How Keys Work
Keys are strings that can be provided when calling the connect
API. They are the feature that allows Plane to return an existing backend instead of creating a new one every time the connect
API is called.
Keys are expressed as strings. For a given key, Plane guarantees that at most one backend will be running at a time. This ensures that that backend can be treated as the authoritative server for some room or external resource while it is running.
A key configuration (KeyConfig
) consists of:
- A name: a string value that is used to identify the backend. This string gets passed to the backend as an environment variable.

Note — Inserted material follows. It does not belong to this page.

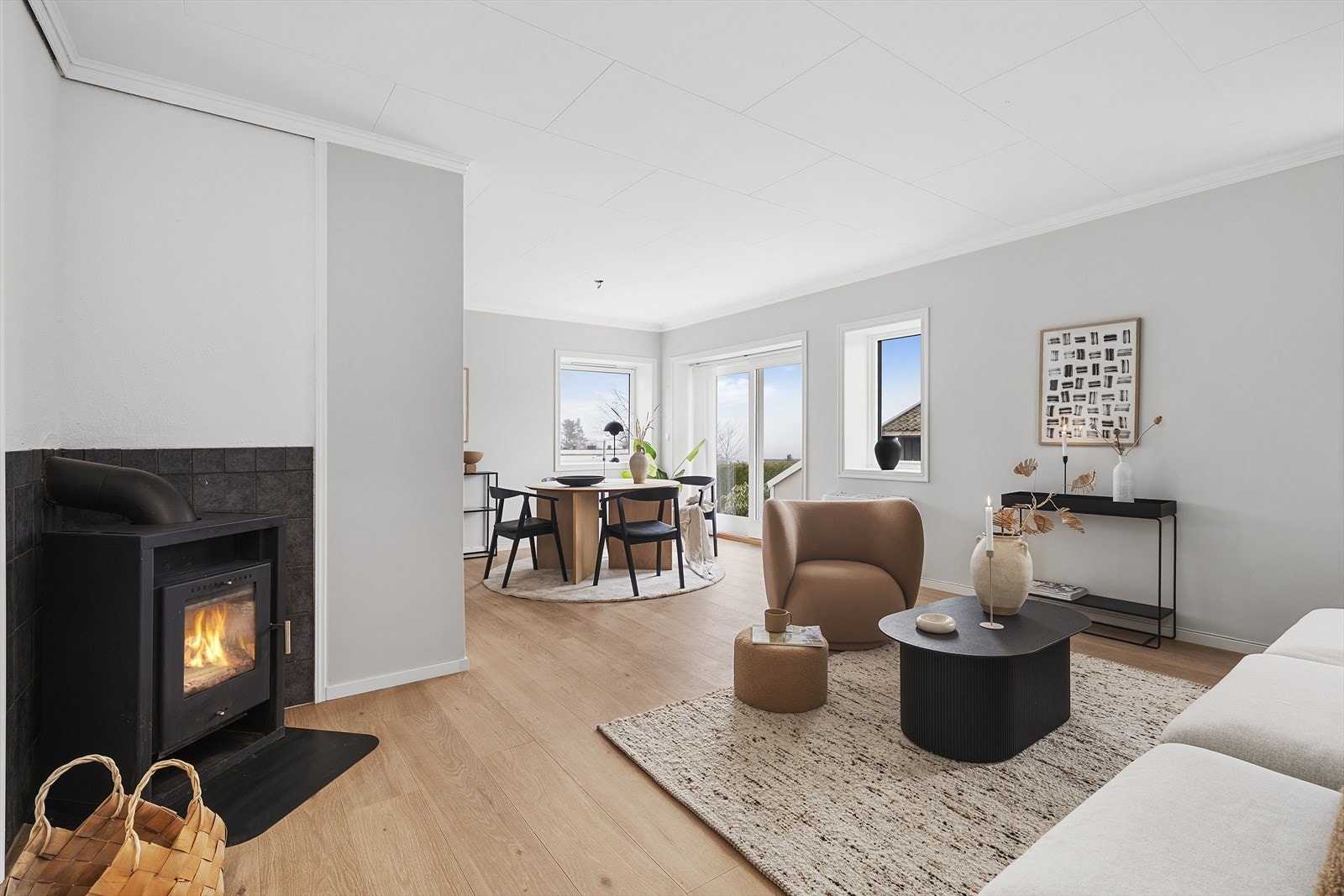 Boligen innehar en god planløsning med alt på ett plan, samt kjeller av enkel standard. Innvendige overflater er pusset opp i 2026. Galleribilde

- A namespace: an optional string used in combination with the name to create the (namespace, name) pair that must be unique. This allows key names to be reused across namespaces. The namespace is treated as a Plane-level organizational feature and is not passed to the backend. Not providing a namespace is equivalent to passing an empty string.
- A tag: an optional string that must match an existing backend for Plane to return that backend. If a connect request shares the name and namespace with an existing key but the tag does not match, Plane will return an error instead of returning the backend.
Namespaces and (especially) tags are advanced features; for most users, supplying only the name is sufficient.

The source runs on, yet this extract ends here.